In June, Hague’s family sued the city, and several other parties, seeking damages of $5.3-million.
A statement of defence filed August 9 reads “…the Defendants specifically deny the allegations of gross negligence against them and allegations of gross negligence against Reid.”
Pat Reid, the former Executive Director of the Edmonton Combative Sports Commission (ECSC), is one of several defendants named in a lawsuit filed by Hague’s family, including the City of Edmonton, ECSC, current city branch manager David Aitken, and referee Len Koivisto.
Promoter K.O. Boxing is also being sued but is not named in the city’s Statement of Defence.
In the documents, the city said Hague signed a liability waiver on June 1, 2017 acknowledging he “waived all liabilities to the promoter, facility, local boxing Commission, and local civil authorities” if he suffered any injury or loss while fighting.
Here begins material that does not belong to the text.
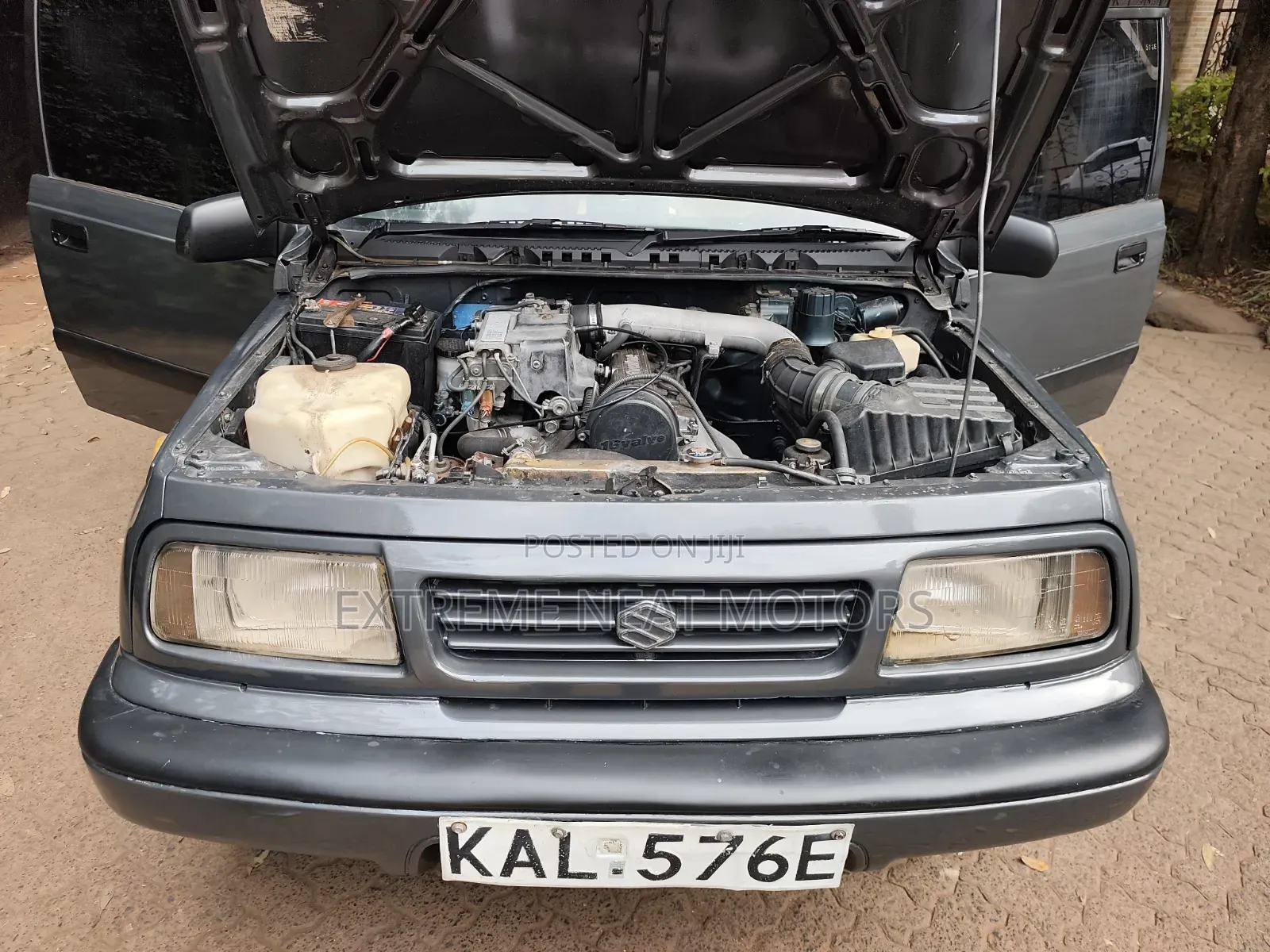 Suzuki Escudo 1995 Gray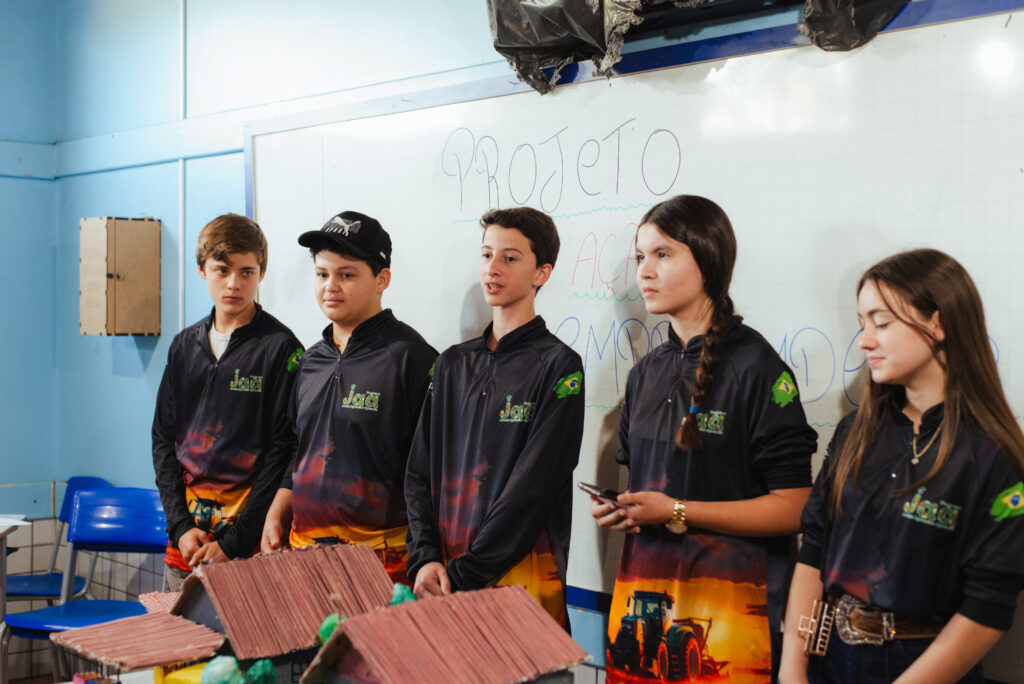 Estudantes do Colégio do Campo Santa Maria apresentam projeto do JAA Jovem Agricultor Aprendiz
In an email to CTV News Edmonton, a city spokesperson said, "That document speaks for itself and we haven't anything further to add."
Hague’s lawyers argued the defendants owed a “duty of care” to Hague to ensure that Hague was in a “safe and fit condition to participate in combative sports.”
"There's further questions that waiver protected gross negligence or even criminal negligence which I also don't think it did," said the Hague family's lawyer Ari Schacter.
The defendants deny such a duty was owed and are requesting the lawsuit be dismissed.
"That's just absurd to me," said Schacter.
Hague died following a match with Adam Braidwood on June 16, 2017 at what is now the Edmonton Convention Centre.
Following Hague’s death, questions swirled about whether Hague should have been allowed to participate given his fight history.
In December 2017, Edmonton city council issued a one year moratorium on all combative sports. The ban was lifted two months later after a third-party review into Hague’s death was completed.
Schacter told CTV News Edmonton that it could take up to three years for the case to go before a judge.